An Atlantic Monthly article has been the subject of discussion on many blogs lately. I’ll link to Michael Hyatt because his is easy to remember. The actual article is “Is Google Making us Stupid” by Nicholas Carr. Many of the bloggers discussing the article claim that the Internet has caused them to develop short attention spans, and they have lost their ability to read books and longer works. I’m not aware of any so-called “scientific” research into the subject, so my ability to discuss it is limited to the same subjective experiences the other bloggers are limited to. Of course, you didn’t come to this blog for objective scientific peer reviewed research, did you?
Is the Internet making me stupid? I don’t think so. I follow more than 80 blogs on Google Reader (they don’t all update every day.) I do a lot of reading and research online. Yet, when I sit down to read a book, I’m still able to digest works written on a Master’s or even Doctorate level, assuming the material is interesting.

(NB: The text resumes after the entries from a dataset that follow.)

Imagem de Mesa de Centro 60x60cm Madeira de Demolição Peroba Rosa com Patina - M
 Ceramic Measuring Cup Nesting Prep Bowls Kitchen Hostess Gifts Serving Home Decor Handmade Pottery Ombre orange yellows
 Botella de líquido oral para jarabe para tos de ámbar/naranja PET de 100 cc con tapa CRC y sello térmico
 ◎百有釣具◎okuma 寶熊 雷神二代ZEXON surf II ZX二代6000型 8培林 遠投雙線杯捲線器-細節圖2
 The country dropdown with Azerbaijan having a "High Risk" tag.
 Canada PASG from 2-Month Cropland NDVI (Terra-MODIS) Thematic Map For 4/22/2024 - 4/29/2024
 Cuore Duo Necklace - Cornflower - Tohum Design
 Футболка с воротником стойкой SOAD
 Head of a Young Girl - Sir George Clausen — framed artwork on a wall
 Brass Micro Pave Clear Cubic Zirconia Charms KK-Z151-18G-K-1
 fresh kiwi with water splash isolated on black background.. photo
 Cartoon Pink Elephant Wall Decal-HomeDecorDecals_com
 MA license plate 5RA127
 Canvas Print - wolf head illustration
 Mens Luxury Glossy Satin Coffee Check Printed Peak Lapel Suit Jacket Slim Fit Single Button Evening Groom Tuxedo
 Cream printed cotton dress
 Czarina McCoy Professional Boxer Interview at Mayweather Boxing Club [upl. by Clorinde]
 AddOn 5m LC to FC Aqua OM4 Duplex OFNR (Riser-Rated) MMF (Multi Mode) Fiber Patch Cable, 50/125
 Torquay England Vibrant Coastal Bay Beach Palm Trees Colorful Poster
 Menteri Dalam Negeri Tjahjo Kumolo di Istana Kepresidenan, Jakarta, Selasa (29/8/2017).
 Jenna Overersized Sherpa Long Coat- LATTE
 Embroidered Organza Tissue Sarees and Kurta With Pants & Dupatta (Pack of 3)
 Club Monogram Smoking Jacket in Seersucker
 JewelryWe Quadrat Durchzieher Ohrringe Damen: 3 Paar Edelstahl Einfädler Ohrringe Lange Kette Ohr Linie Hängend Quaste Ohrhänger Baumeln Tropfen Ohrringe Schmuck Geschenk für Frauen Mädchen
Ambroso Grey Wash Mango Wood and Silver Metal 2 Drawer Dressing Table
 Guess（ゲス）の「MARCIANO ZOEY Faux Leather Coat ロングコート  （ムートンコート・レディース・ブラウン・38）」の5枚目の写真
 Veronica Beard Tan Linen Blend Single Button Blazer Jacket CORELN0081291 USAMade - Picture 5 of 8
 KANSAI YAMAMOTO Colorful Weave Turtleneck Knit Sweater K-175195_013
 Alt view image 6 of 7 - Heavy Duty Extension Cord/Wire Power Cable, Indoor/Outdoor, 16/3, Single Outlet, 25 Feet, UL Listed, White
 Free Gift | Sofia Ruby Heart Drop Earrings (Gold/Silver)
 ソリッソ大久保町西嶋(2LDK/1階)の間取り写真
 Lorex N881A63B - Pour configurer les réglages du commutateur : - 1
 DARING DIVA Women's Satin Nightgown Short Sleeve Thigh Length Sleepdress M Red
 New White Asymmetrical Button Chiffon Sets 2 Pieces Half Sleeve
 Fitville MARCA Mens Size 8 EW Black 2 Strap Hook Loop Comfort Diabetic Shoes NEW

The one thing the Internet has done to me is make me lose patience when a written work fails to get to the point. I skim magazines a lot more because it seems like most of the text is extraneous. The same goes for newspapers. I don’t actually read newspapers, but when I read news articles, I quickly get bored. I want the headline, and some supporting facts. I don’t care what kind of BS the journalist needs to fill whatever word count he or she has.
Honestly, that’s the only thing I notice. It’s not my attention span the Internet has wrecked. It just taught me how to maximize time by finding the point and moving along. It taught me to ignore the work of lesser writers.